Tuesday, April 10, 2012

Flood came from inland

from w
As some were saying the floods in Nadi area didn't rise inch by inch but was like a tidal wave, several feet of water rushed through villages within an hour. That's the story from Nawaka village from our friends and relatives where only three buildings did not have great trouble.

The blame is not only on the monstrous amount of rain but on the rush of water from the inland. Was the dam overflowing or was some water released, some people are wondering. Here is a good letter from a writer from Nadi that was published in the Fiji Times today.

Inland tsunami

Coping through the floods

I have not been able to send my saqamoli piece to this column recently because I have been stressed out cleaning up after the flood, make that floods to be precise.

Just when everyone was admiring a job well done in returning most things to pre-flood condition, another flood hits.

On a positive note though, our home looks cleaner and spacious now than ever. Many shelves and corner stands are now rid of the useless sentimental stuff that our good ladies are so good at preserving, and we never knew existed; old newspapers, dusty books, magazines, pots, pans, containers, clothing, curtains, shoes, mats, etc.
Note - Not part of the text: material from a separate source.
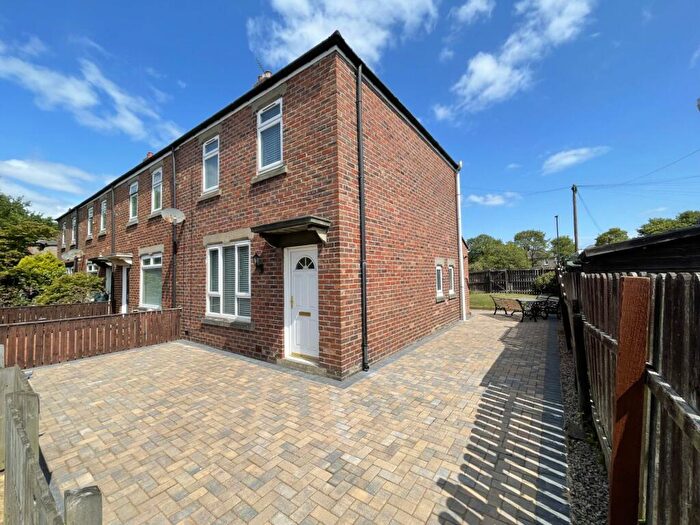 2 Bedroom End Of Terrace House To Rent In St. Aidans Square, Holystone, Newcastle Upon Tyne, Tyne And Wear, NE12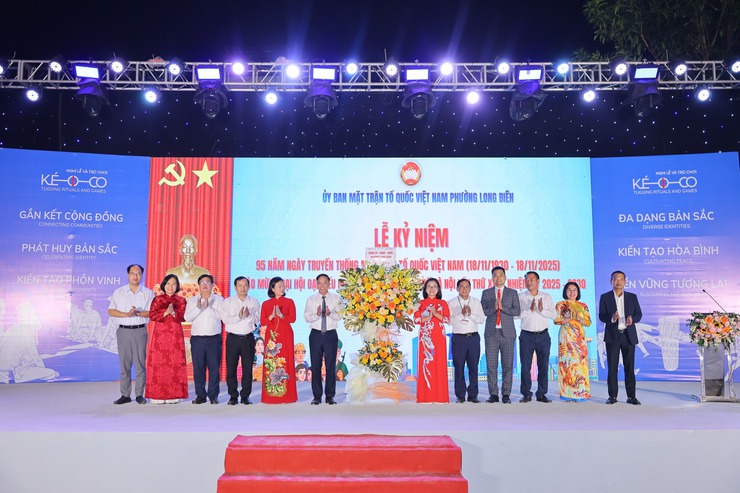 Phường Long Biên long trọng tổ chức Lễ kỷ niệm 95 năm Ngày truyền thống MTTQ Việt Nam và Ngày hội Đại đoàn kết toàn dân tộc năm 2025- Ảnh 1.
Amazing, they are gone and we are still surviving.

Our area is flood-free, supposedly, so to have waist-deep water in the house in less than one hour made me wonder if it really took that long, 40 days of rainfall, to produce the biblical flood which destroyed the world save Noah, his family and some animals in the ark.

Talking about the number 40, we might as well start counting how many more floods we have to endure before the transitional rain goes away and we welcome the traditional dry season from June to September.

As we are beginning to find out, there is more to the flood than rainfall and poorly structured waterways alone. Spring tide sounds gentle and is supposed to be a harmless natural event, but where the water table is already high, it is causing flash floods in coastal lowlands.

Reflecting on what our island country is going through and how we can mitigate the effects of climate change, we can start by replacing spring tide with giant tide and rainy season with monsoon season to underline the severity of these climatic phenomenon and warn our people to be better prepared.

Knowing that tsunamis develop out at sea, we the flood victims in Nadi may sound absurd for harping about inland or upland tsunamis, but when there are lakes of water stored somewhere up in the highlands, we have every reason to be wary.